The local committee has applied to make a section of the lane public.
Mr Carter said: ‘To be fair, she has made some concessions for individuals, including a local elderly couple.’
Local Kathryn Tupper, 54, documented the hilarious exchange on Facebook, sharing photos of the signs this week.
She says it all began after the homeowner replaced the original ‘subtle’ sign, with a bright green notice which reads: ‘Private land. No public access or right of way.’
In response, the PPP pasted their own imitation sign in similar colours which read: ‘Peasants keep out, self appointed snobs only.’
It was swiftly removed, however over the next few months the PPP struck again, leaving signs which said: ‘Private Parts, no pubic access’ and ‘Street party every Friday. Everyone welcome’ among others.
One photo shows how the police even appear to have been drawn into the matter, with a notice apparently from Surrey Police in place appealing for information on the PPP’s identity.

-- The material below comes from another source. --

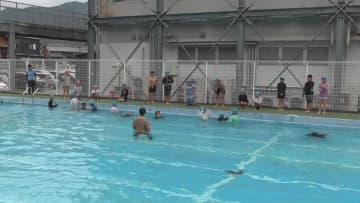 小学校でプール開き　元気に初泳ぎ楽しむ　三重・尾鷲市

The saga finally drew to a close on Tuesday, when a new sign more like the original was put back in place.
However, according to Kathryn, locals have now mounted a campaign with the council to have it made into an official right of way.
Speaking today, she said: ‘The route walked doesn’t go near their house and you cannot even see it. The old owners never used to mind people using it.
‘The old sign was nice polite black. Villagers found it a little rude with the timing.
‘They called the police saying the signs were harassment, but they thought they were hilarious.
Local Kathryn Tupper, 54, pictured, documented the exchange on Facebook, sharing photos of the signs this week.
‘Police did try to stop us going up the lane to ease tension, but we informed them of a few Acts which gave us rights to continue using.
‘It was then found that even though they owned the lane, they don’t own the pillars so the sign was removed this week.
‘All the other households up there loved the PPP signs and want the road to be used by all.
‘Every day, more people used the lane just to see what new sign had gone up. It kept us amused for weeks in lockdown.’
Social media users have also been tickled by the feud, with Justin Boyne writing: ‘Brilliant, worth the effort.’
Clare Wiliams added: ‘So funny’ and Lotti Newman said: ‘Love these.’
However, others were more sympathetic to the homeowner.
Melanie Hardy wrote: ‘Honestly some people think everywhere belongs to them. How would they feel if random strangers kept walking through their garden?’
A spokesman for Surrey Police said yesterday: ‘We are currently investigating allegations of a number of offences, including public order and criminal damage relating to an ongoing civil dispute between two separate parties.
‘The offences are alleged to have taken place in South Holmwood.
‘A number of enquiries have been carried out and the investigation remains ongoing.’